Joe Biden’s plan to build…hope


Photo by Diego PH on Unsplash


“Some people say there is a God; others say there is no God; the truth probably lies somewhere in between”
– W. B. Yeats

Joe Biden’s infrastructure plan is America’s first major fiscal investment plan in a half-century.

It’s about building concrete things, yes, but also about building hope.

Hope that America will once again have world-beating infrastructure, an eye-popping technological network, high-speed trains and wifi-ready airports – things that the world has long been used to in other parts of the world, Bangkok, Kuala Lumpur, Tokyo, Beijing.

As Fareed Zakaria recently wrote, Donald Trump claimed he wanted to “Make America Great Again” but it is President Biden who is actually attempting to do it.

Once upon a time, the US spent three per cent of its gross domestic product on transportation and water infrastructure; now it spends just about two per cent. Mr Biden wants to change that.

His plan can be summarised in three words:

** repaving

** reorienting

** retooling

Repaving will mean doing all the repairs that have been put off for decades – highways, bridges and so on.

Reorienting will mean nudging the economy down new paths with an emphasis on greening. The plan will help create a modern electric vehicle system by funding a network of 500,000 chargers. As Mr Zakaria notes, the plan to bring high-speed internet to far-flung parts of America is similar to the 1936 Rural Electrification Act, which took electricity to rural areas. That won’t be easy, of course. Mr Zakaria is scathing about the insane costs of building US interstate highways – it quadrupled from the 1960s to the 1990s even though material and labour costs hadn’t changed much after accounting for inflation. The reasons include “multiple authorities (each with a veto), endless rules and reviews, and likely corruption. New York University scholar Alon Levy did a detailed analysis of the country’s crazy costs and concluded that there were at least eight reasons for them.
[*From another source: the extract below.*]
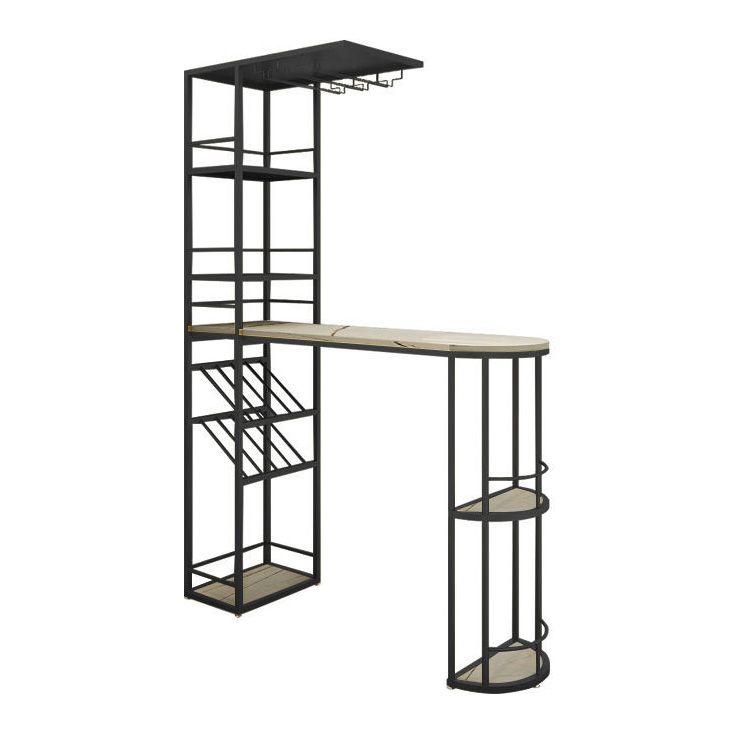 Contatore a barre di pietra contemporanea tavolino da barra per cucina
Fundamentally, though, he concluded that they were so high because Americans were unwilling or unable to look around the world and try to learn from other countries. American exceptionalism has led to an exceptional, uniquely bad system for building infrastructure.”

That’s what the third element of the Biden plan would address.

Retooling would mean giving the people – the human infrastructure of America – the skills, the education and the ability to allow them to navigate the new world. People would, for instance, be able to go to community college for free. Rather than being afraid of the world, Americans will look at it with confidence and hope.